In the coming weeks, with the work I have booked, I will be flying to Qatar, India, Singapore, San Francisco, Austin, and then back to New York, making the first time in all my travels I'll ever have literally gone all the way around the world in one sequence of trips.
Among the highlights of this trip: a week from today (give or take a few time zones), I will be delivering a keynote on “The Tech Humanist Future” at the Gartner IT Symposium in Kochi, India. It's going to be an exciting trip, a wonderful opportunity to meet business and tech leaders from the region, and, well, a great part of this journey circumnavigating the globe.
A few days later, I'll be in Texas, delivering the keynote at a conference for facilities coordinators in higher education about the future of education, the future of place, and how tech might fit into it all.
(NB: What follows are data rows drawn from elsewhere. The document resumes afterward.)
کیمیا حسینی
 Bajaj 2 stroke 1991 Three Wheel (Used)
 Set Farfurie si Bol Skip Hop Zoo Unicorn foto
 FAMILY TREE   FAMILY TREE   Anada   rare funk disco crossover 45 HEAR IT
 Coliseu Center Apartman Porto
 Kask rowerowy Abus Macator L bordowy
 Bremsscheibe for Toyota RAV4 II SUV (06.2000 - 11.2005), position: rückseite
The future of this, the future of that. With COP27 happening this week (a client and I were discussing my being there this week, too, as I was for COP25), there are reminders everywhere of how interconnected all of these future concepts are. The climate is surely the biggest theme, but we are falling short of all of the Sustainable Development Goals — such as SDG 4, Quality Education, for example — and they all interconnect.
(Mind you, I know better than many people might from my own A Future So Bright research and writing that the climate costs of air travel are high, and I cannot help but wrestle with the ethics of this dilemma while addressing an increasingly global audience, but for the moment knowing that cost commits me to make the Tech Humanist / A Future So Bright message that much more urgent and clear for the leaders who are poised to move it forward. I also use services like Wren and Goodwings to invest in credible offset programs. This is the answer for now; that answer may very well change in the years ahead.)
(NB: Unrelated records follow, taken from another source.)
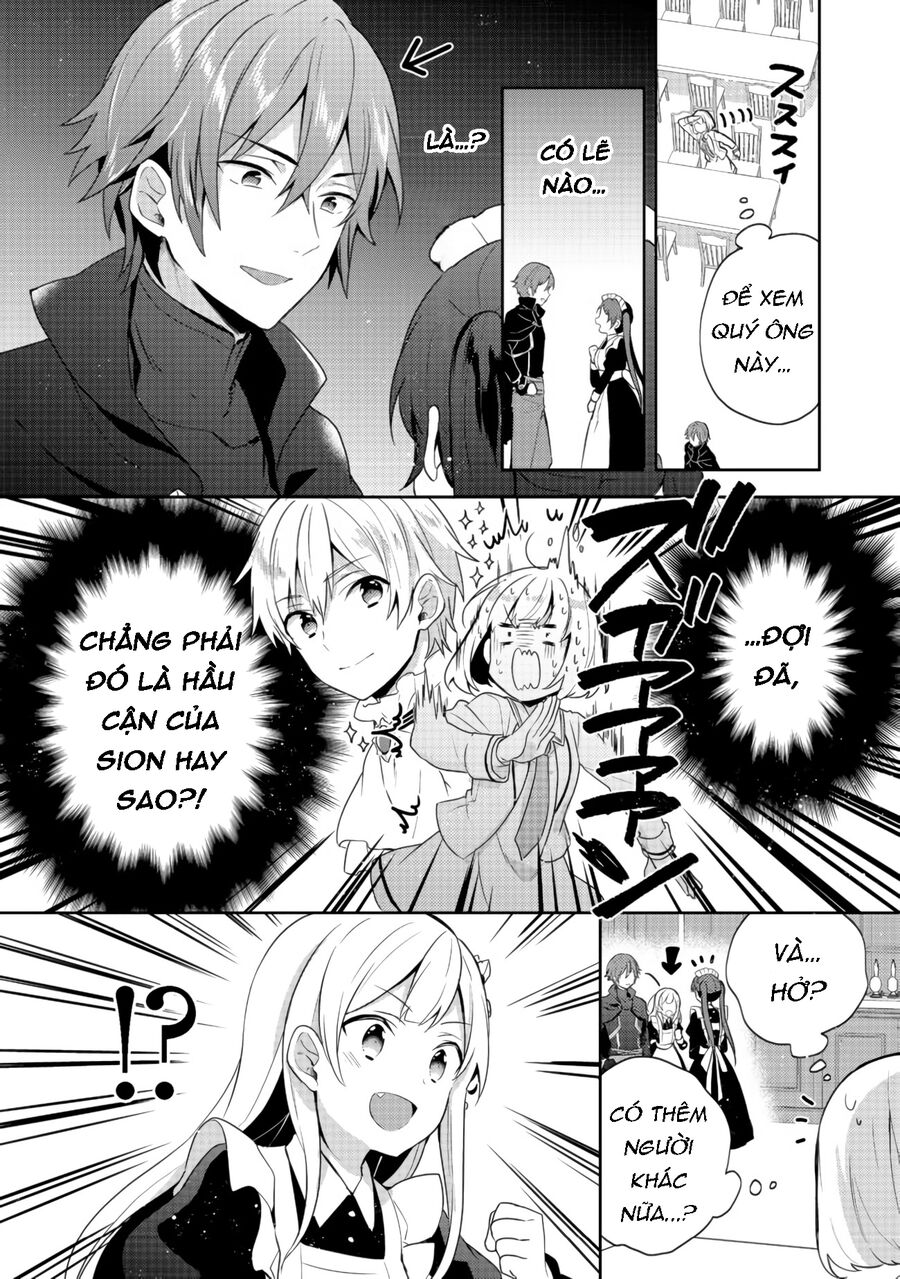 Biên Niên Sử Về Đế Chế Tearmoon - Chapter 10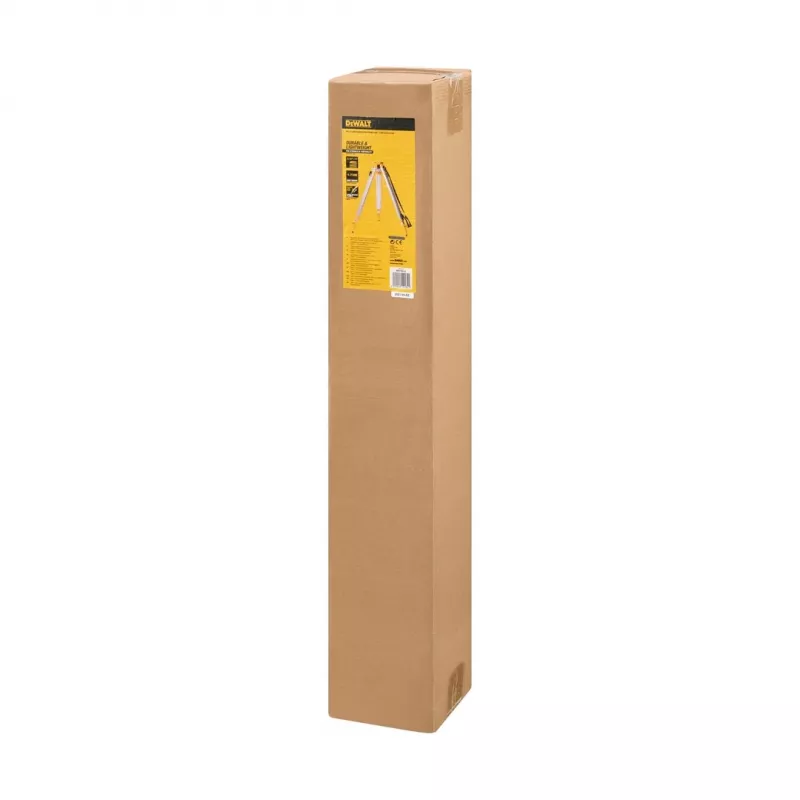 DEWALT-laserteline, korkeus 107-173 cm, alumiini, 1/4 tuuman kierre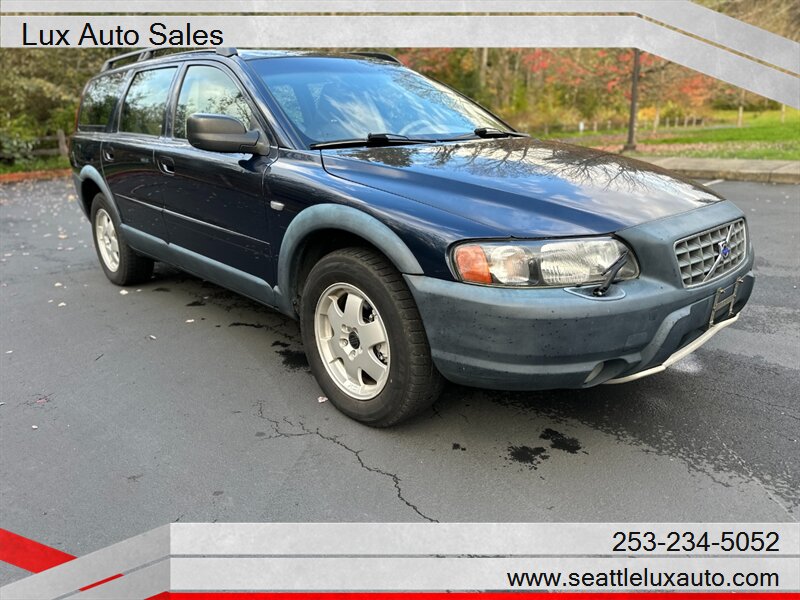 2001 Volvo V70 XC  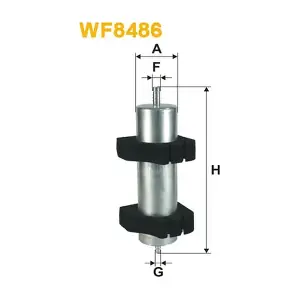 WF8486 WIX FILTERS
Given that, here in the U.S., we just ended Daylight Saving Time (and are supposedly on the cusp of never? always? having it? I haven’t kept up with all the hot DST-or-not goss; I’ve been too focused on the Twitter drama), it’s an interesting moment to ponder the nature of, y’know, time and space. In other words, that flying east-to-west is flying into the past, and flying west-to-east is flying into the future.
Which means, on my particular around-the-world trip, I will be flying into the future the entire way. Kind of appropriate, n'est-ce pas?
In the meantime, I'm excited to share the stage in Kochi with several of Gartner's top analysts as well as the former Prime Minister of Bhutan, Dasho Tshering Tobgay, who helped advocate the Gross National Happiness principles.
By the time I land back in New York at the exhausted end of next week, I hope to have gained new insight, shared some new ways of thinking and leading, and become a better advocate for humanity.
I’ll be sure to report back what I learn from the future.